:: YOUR GOAL ::
Copying rule for the data below: pictures stay out, and only the lines from the one with "Apartamento T3 na Bobadela.-22" down to the one with "Steam on Broadway", inclusive, are repeated exactly.

[[ DATA TO USE, beginning ]]

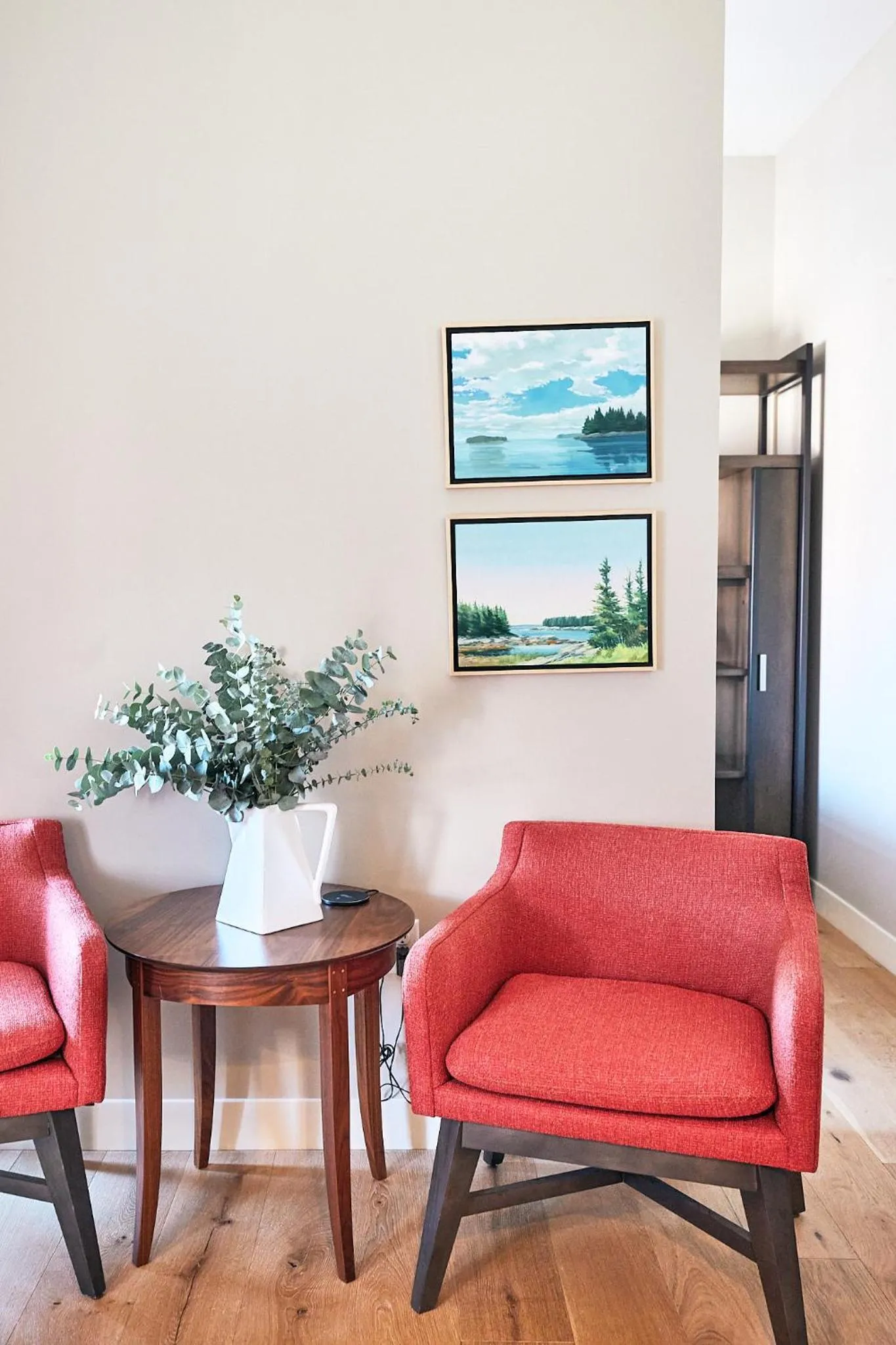 The Docent's Collection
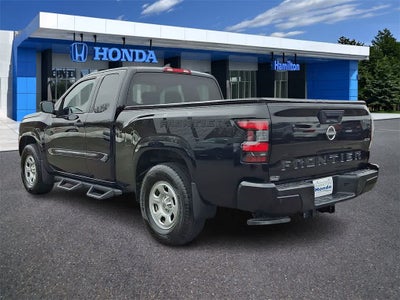 2022 Nissan Frontier S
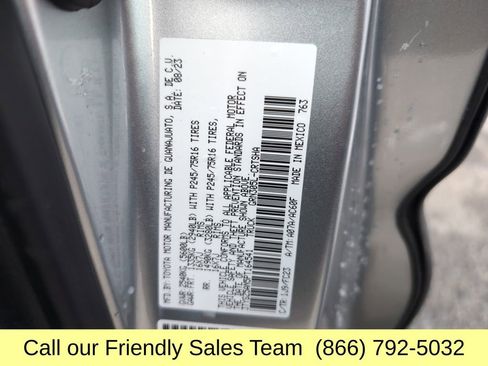 Certified 2023 Toyota Tacoma SR5 image 28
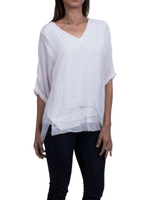Gigi Moda Kaftan Blouse (One Size)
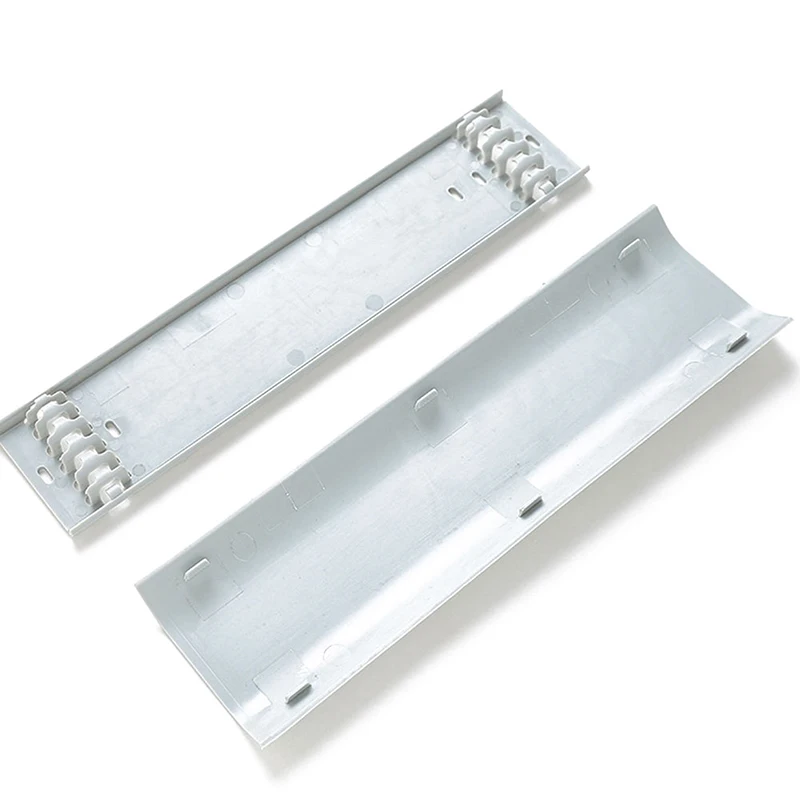 Wall Mount Self-adhesive Raceway wall Cord Duct Cover Cable Duct Ties Fixer Fastener Holder Cable organizer Storage clip White tv cord cover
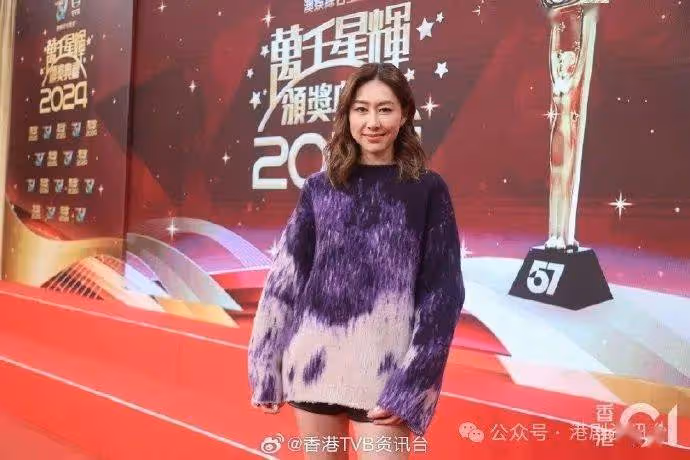 傅嘉莉哭成淚人恨得獎!胡定欣對爭視後有信心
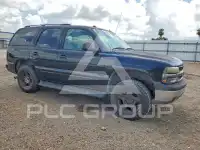 2004 Chevrolet Tahoe фото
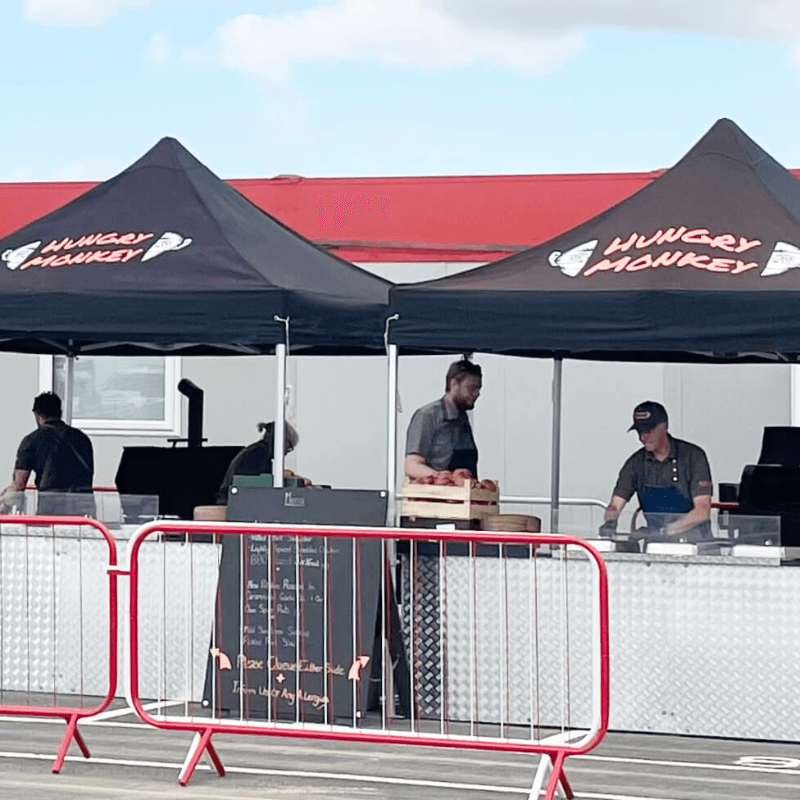 Hungry Monkey Catering Corporate Catering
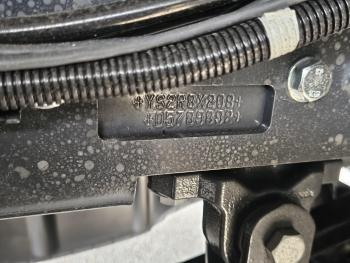 Scania R590 V8 8x2 / HMF 9520 CRANE - JIB - WINCH / TRACTOR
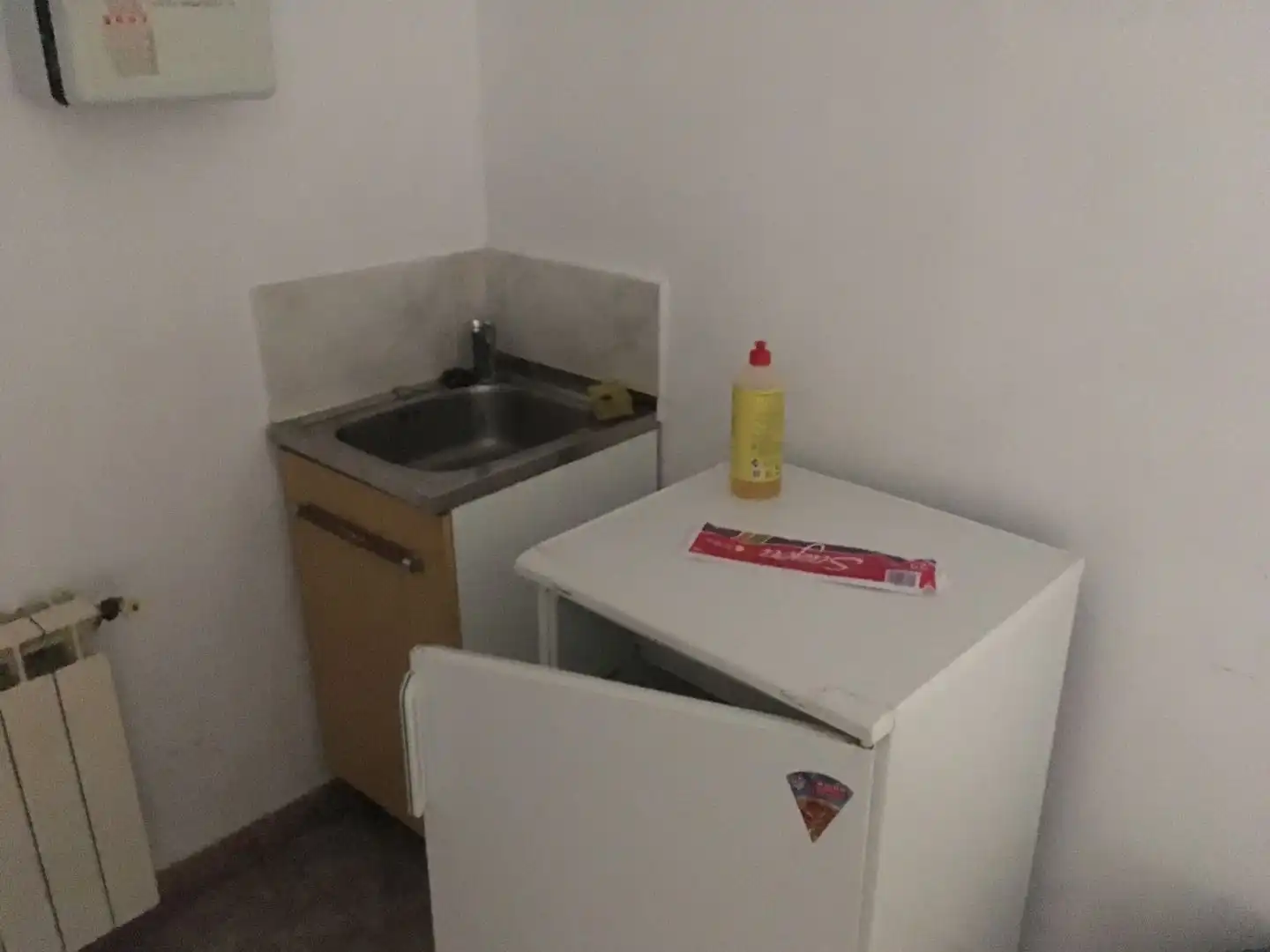 Cocina de Local en venta en Valladolid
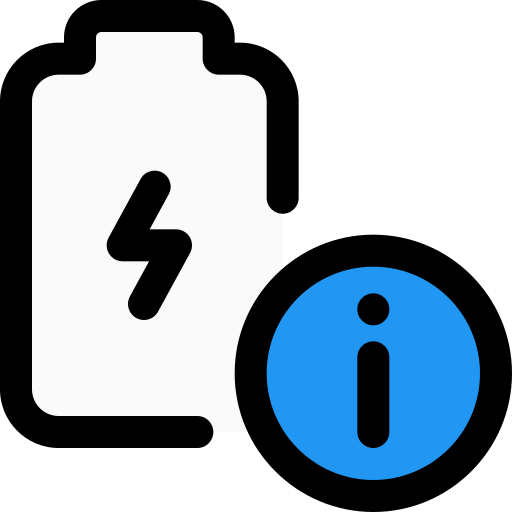 Info icon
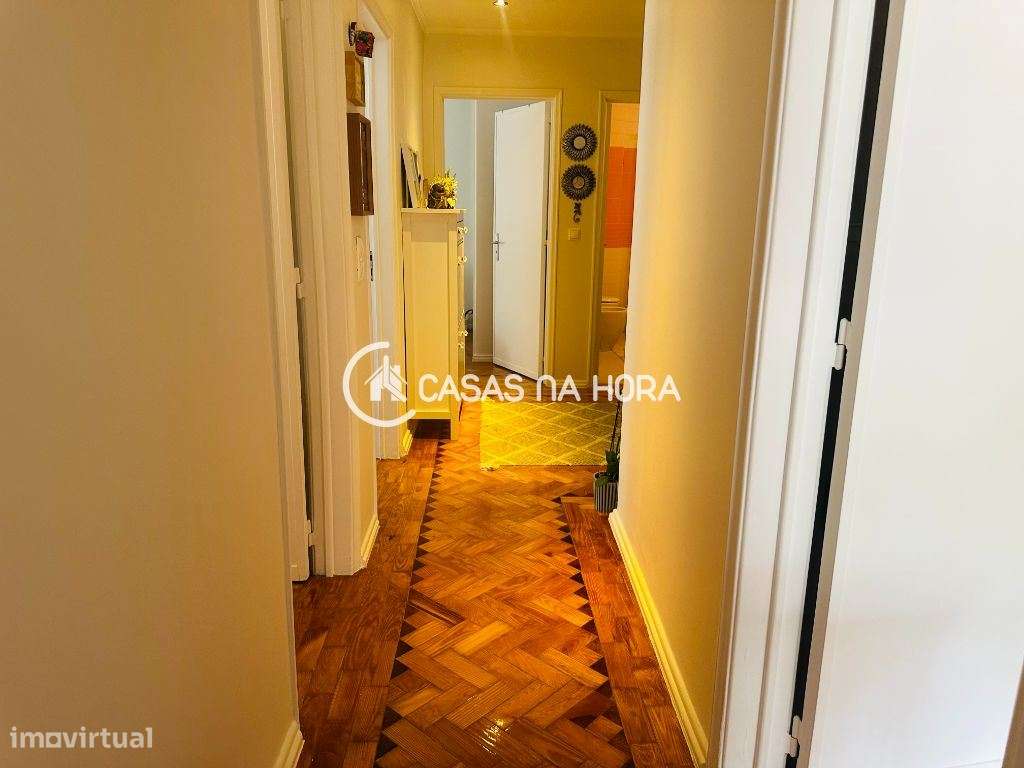 Apartamento T3 na Bobadela.-22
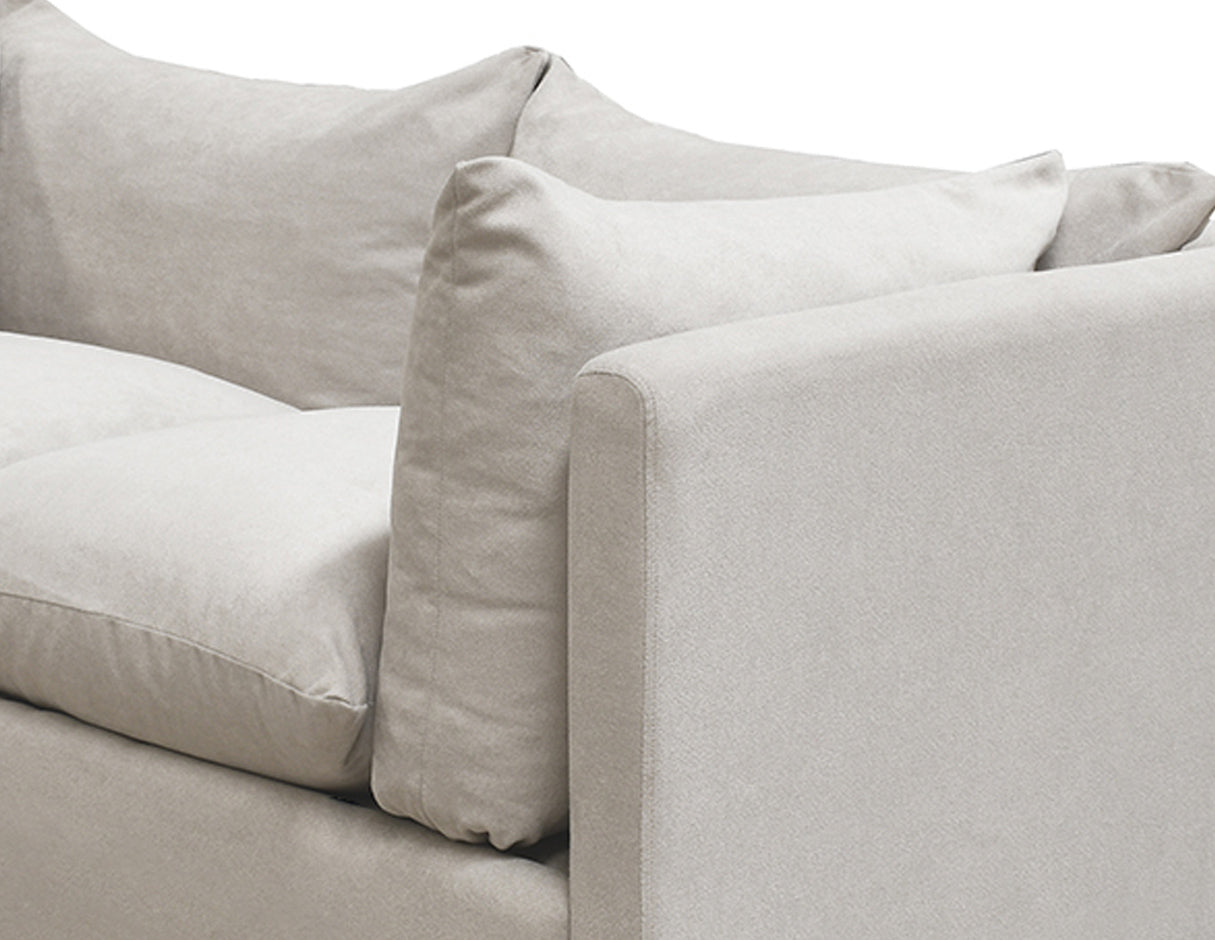 Love Seat Caccia - 2 plazas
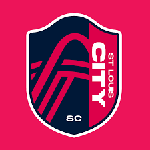 Logo do St. Louis City de Estados Unidos St. Louis City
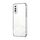 Per vivo Y70s / iQOO U1 / Y51s / Y70t Custodia per telefono con foro sottile con placcatura trasparente (Argento) Per vivo Y70s / iQOO U1 / Y51s / Y70t Custodia per telefono con foro sottile con placcatura trasparente (Argento)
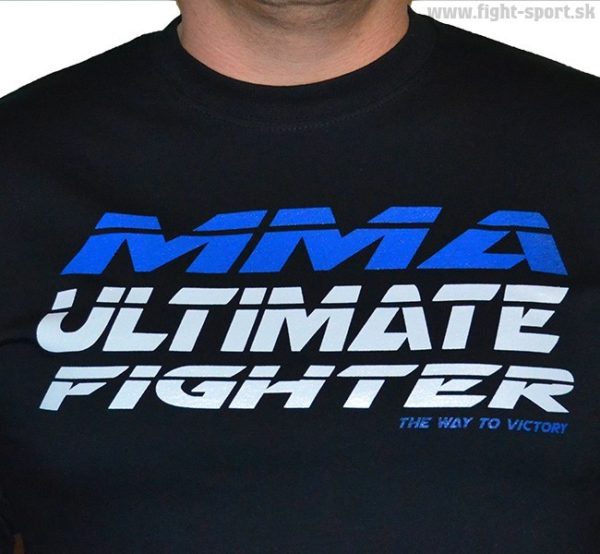 MMA Tričko Ultimate fighter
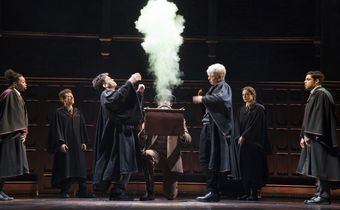'Harry Potter and the Cursed Child' Loses Steam on Broadway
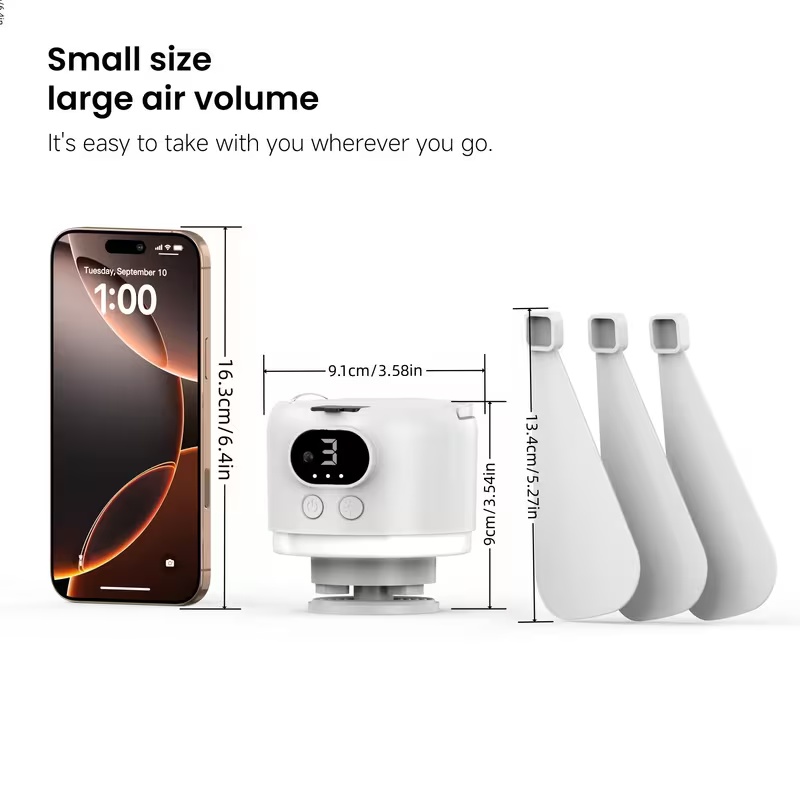 10400Mah Rechargeable Portable - Outdoor Lighting Strip review and price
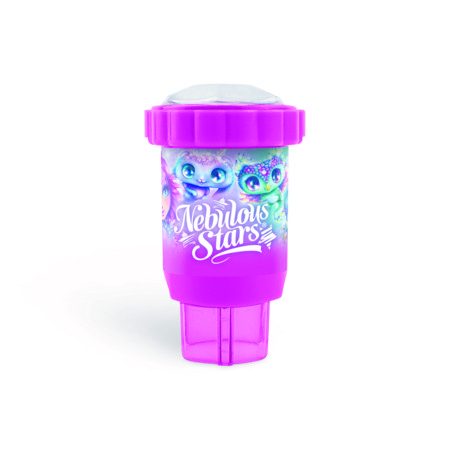 NEBULOUS STARS kleebistempli komplekt, assortii., 11468 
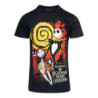 DISNEY T-SHIRT  XXL UNISEX BLACK  THE NIGHTMARE BEFORE CHRISTMAS GHOSTS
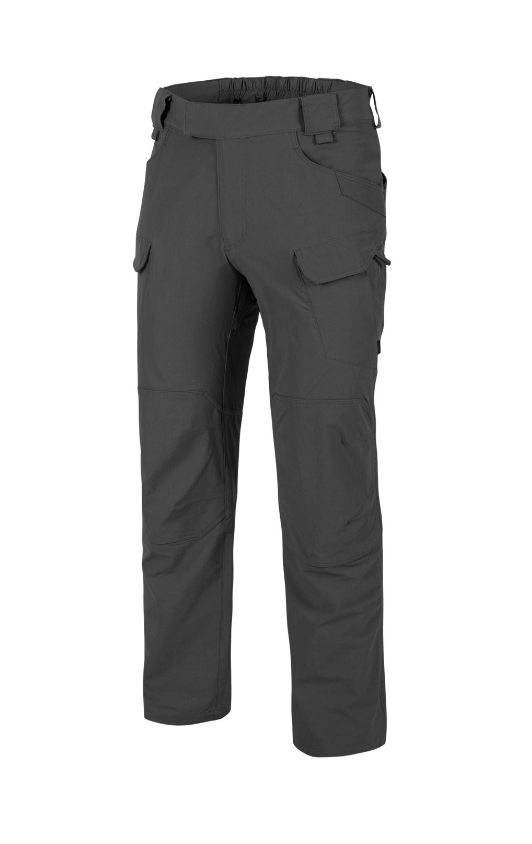 HELIKON PANTALONI TATTICI OTP (OUTDOOR TACTICAL PANTS) VERSASTRETCH LITE - GRIGI SHADOW GREY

[[ DATA TO USE, end ]]

:: RESULT ::
 Apartamento T3 na Bobadela.-22
 Love Seat Caccia - 2 plazas
 Logo do St. Louis City de Estados Unidos St. Louis City
 Per vivo Y70s / iQOO U1 / Y51s / Y70t Custodia per telefono con foro sottile con placcatura trasparente (Argento) Per vivo Y70s / iQOO U1 / Y51s / Y70t Custodia per telefono con foro sottile con placcatura trasparente (Argento)
 MMA Tričko Ultimate fighter
'Harry Potter and the Cursed Child' Loses Steam on Broadway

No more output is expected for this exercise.